Update on LZMA compression

classic Classic list List threaded Threaded
1 message Options
Reply | Threaded
Open this post in threaded view

Update on LZMA compression

Hi All,

This mail is a follow up to a previous mail thread I started back in
June [1], to look at LZMA compression for certain parts of jmod
packages. I've played a little more with it since then, and here is a
summary of my findings.

Originally I used the Java implementation from the latest 9.20 SDK [2],
but since then I have modified jpkg to use the native implementations of
LZMA and LZMA2. Initially results were marginally better, but nothing to
write home about. Then I tried archiving the native libraries section
and applying LZMA(2) to it. For this I simply used ZIP with the mode set
to store (no compression). This gives much better compression with
native LZMA(2), marginally better with the Java implementation. There
are more nobs available with the native implementation to increase
compression levels. The difference between LZMA and LZMA2 is miniscule,
with LZMA actually giving marginally getter compressing ( I would have
guessed this since LZMA2 uses subchunks to support mutlithreading). This
is similar to some package distribution on Linux using tar.lzma, or
tar.xz. In fact, test programs have shown that ZIP_LZMA(2) gives around
the same level of compression as tar.lzma, tar.xz for typical native
library content.

I looked at the jmod packages built on all platforms/architectures, they
differ in size, number of classes and native libraries, but using a
combination of ZIP (for archiving) and LZMA (for compression) gives us
very favorable ( compared to original and deb packages ) jmod package
sizes.
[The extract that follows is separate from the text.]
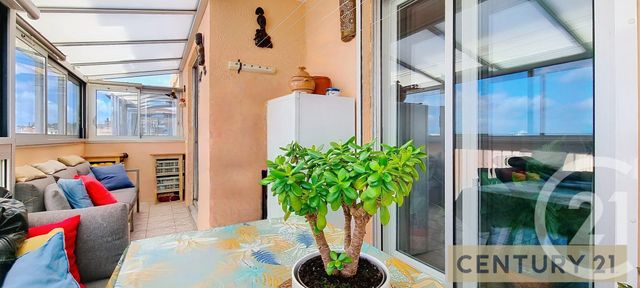 Appartement F3 à vendre - 3 pièces - 72.7 m2 - PERPIGNAN - 66 - LANGUEDOC-ROUSSILLON - Century 21 Terres Catalanes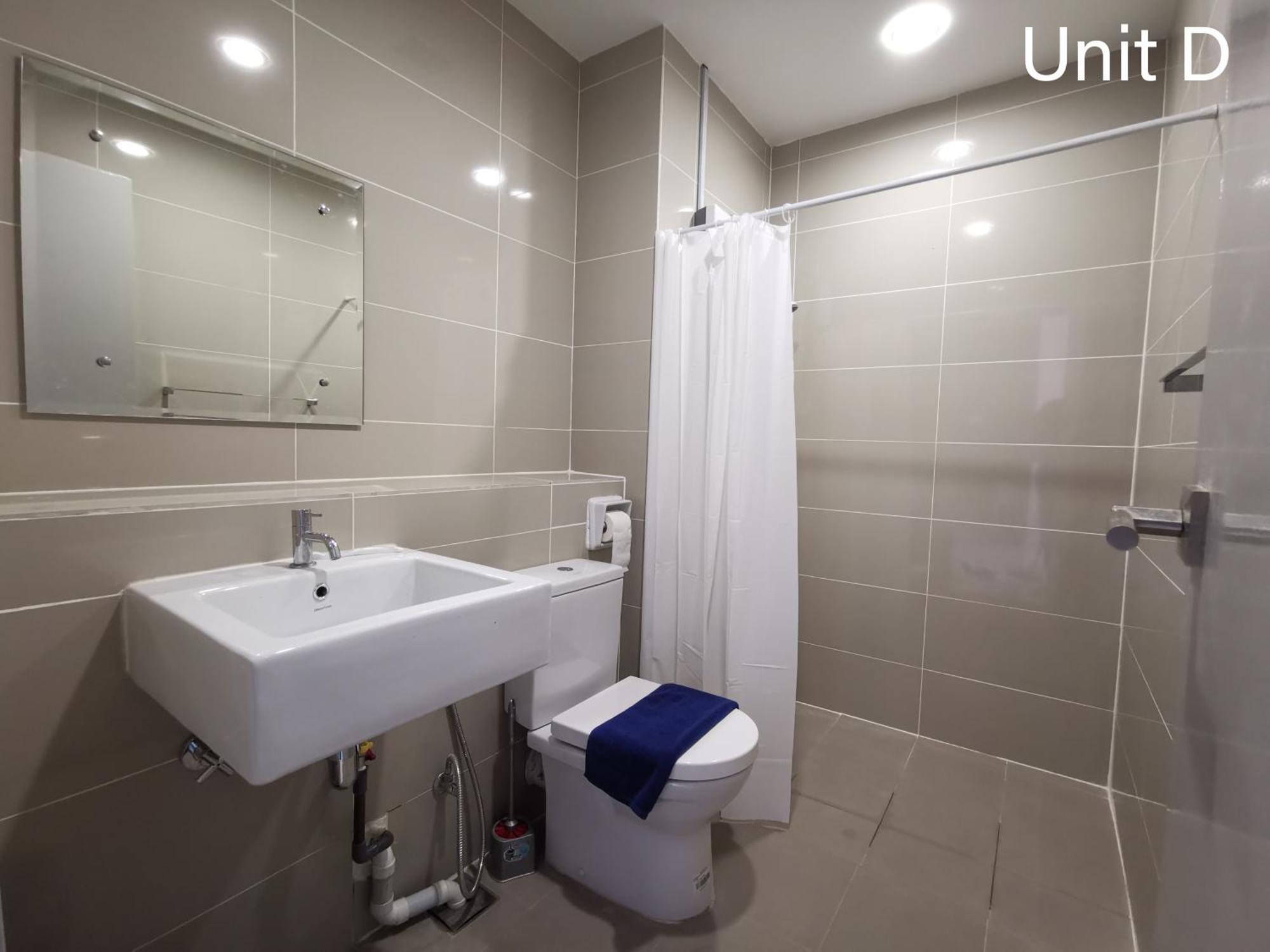 Jc Suites @ Sutera Avenue Кота-Кинабалу Экстерьер фото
Here are a few examples, using the two largest packages, jdk.boot
and sun.desktop, and the total size of all the jdk module packages
(jigsaw-pkgs) :


 > :  ls -la */jdk.boot*
-rw-rw-r--   1 root 6018     6805823 Jul 28 15:19
jmod-lzma/[hidden email]
-rw-rw-r--   1 root 6018     6807999 Jul 28 15:22
jmod-lzma2/[hidden email]
-rw-rw-r--   1 root 6018     12159909 Jul 28 15:16 jmod/[hidden email]
 > :  ls -la */sun.desktop*
-rw-rw-r--   1 root 6018     4548927 Jul 28 15:20
jmod-lzma/[hidden email]
-rw-rw-r--   1 root 6018     4549255 Jul 28 15:24
jmod-lzma2/[hidden email]
-rw-rw-r--   1 root 6018     5731426 Jul 28 15:17 jmod/[hidden email]
 >: du -sk *
26840   jmod
19112   jmod-lzma
19112   jmod-lzma2 << (~29% reduction)


:> ls -la */jdk.boot*
-rw-r--r--   1 root java     6715654 Jul 29 16:00
jmod-lzma/[hidden email]
-rw-r--r--   1 root java     6709674 Jul 29 16:07
jmod-lzma2/[hidden email]
-rw-r--r--   1 root java     12546939 Jul 29 15:52 jmod/[hidden email]
 >: ls -la */sun.desktop*
-rw-r--r--   1 root java     6228344 Jul 29 16:03
jmod-lzma/[hidden email]
-rw-r--r--   1 root java     6230798 Jul 29 16:11
jmod-lzma2/[hidden email]
-rw-r--r--   1 root java     8606906 Jul 29 15:56 jmod/[hidden email]
 >: du sk *
62628   jmod
43318   jmod-lzma
43320   jmod-lzma2 << (~30% reduction)


 > : ls -la */jdk.boot*
-rw-rw-r--   1 root 6018     4905902 Jul 28 15:08
jmod-lzma/[hidden email]
-rw-rw-r--   1 root 6018     4909477 Jul 28 15:11
jmod-lzma2/[hidden email]
-rw-rw-r--   1 root 6018     6564630 Jul 28 15:06 jmod/[hidden email]
 > :  ls -la */sun.desktop*
-rw-rw-r--   1 root 6018     4768691 Jul 28 15:10
jmod-lzma/[hidden email]
-rw-rw-r--   1 root 6018     4769668 Jul 28 15:13
jmod-lzma2/[hidden email]
-rw-rw-r--   1 root 6018     5985300 Jul 28 15:07 jmod/[hidden email]
 > : du -sk *
21593   jmod
17583   jmod-lzma
17584   jmod-lzma2 << (~19% reduction)

I did not use the maximum LZMA compression level when generating these
results. I found during various runs that using the higher levels of
compression gives very little gain and increases the compression time
quite a bit. Instead using a level just one above the default gives very
good compression and reasonable compression time. That said, generating
packages is a one time event and decompressing/installing is more
important. Installation/extraction times of packages using LZMA are
about 1.5 - 2 times longer than that of existing packages.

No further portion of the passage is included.